CATHOLIC ISN'T COOL. WHY? (First published in 'NZ Catholic, April 20, as 'We help priests best by praying the Mass')


‘He is not here, but is risen’ (Lk 24, 6).

Easter this year comes hard on the heels of statistics showing an ‘alarming’ decline in the number of New Zealanders calling themselves Catholic, and a drop in Mass attendance. The UN Committee ironically responsible for the Rights of the Child has the cheek to tell the Holy See to change Church doctrine on abortion, contraception and homosexuality. Catholic theologian Fr Ronald Rolheiser reckons priests are in a ‘no-win situation … tired of being cast as eunuchs’ and  unsurprisingly concludes, ‘small wonder hardly anyone wants to join us’.

The Church, it seems, has come to a pretty pass. Despite Superpope, Catholic isn’t cool.
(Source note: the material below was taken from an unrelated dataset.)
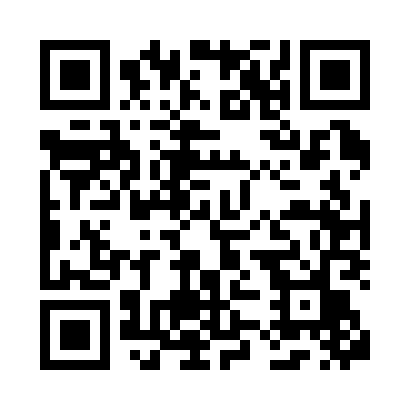 QR code for 163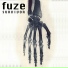 Fuze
Why?

Listen to the angel at the tomb asking, ‘Why look among the dead for someone who is alive?’ Christ crucified lives within everyone newly baptised, but we can’t afford to rest on his laurels, as it were. Unless we take our opportunities to do good, to grow in love, climbing to God by ‘steps of love’ (gressibus amoris, to use St Gregory’s charming phrase) we stay put, stagnating in what Francis calls ‘a mundane spirituality’. Without works our faith is dead and spiritually speaking we invite the risk of death by serious sin, which destroys our status in its constituent elements of charity and grace.
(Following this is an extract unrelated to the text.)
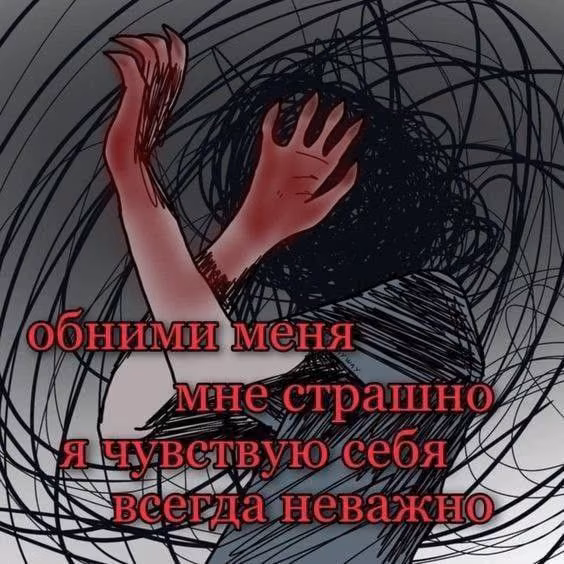 84d671a9cb9aa68b41dfc93aa07acb36.avif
If we’re not dead yet we’re sleep-walking, because life in Christ is restored only by confession and absolution. Many Catholics don’t know that. They’d agree with Fr Rolheiser that ‘Eucharist now cleanses you so you can sit at table’. That’s obvious from the numbers seeking Reconciliation, which homilies based on Scripture give no reason to do.We might as well be sitting in Protestant churches, and where the tabernacle’s hidden and the crucifix minimised it even looks as if we are.

In urging us to help priests to pray, to listen to the Word, celebrate Eucharist every day and confess regularly, because ‘the priest who does not do these things loses … his union with Jesus and becomes mediocre, which is not good for the Church’, Pope Francis is right on the button. We help priests best by praying the Mass, but do Catholics really believe in the Eucharist? If we did, our churches would be thronged every day.

If the Sunday readings’ themes were linked to doctrine and the unsung glories of the Magisterium, we’d know the reasons for attending Mass as often as possible. We’d know the more often we attend Mass, the more possible - indeed essential - it becomes.

 Because supernatural life is communicated only by love and grace, which is communicated best by the Eucharist, and ‘God communicates Himself most to that soul that has progressed farthest in love’ (John of the Cross).

Pope Francis is something of a hero, and in calling for ‘contemplative prayer, a strong friendship with the Lord (from which) is born in us the capacity to live and carry forth the love of God’ he calls us to be heroic priests and people.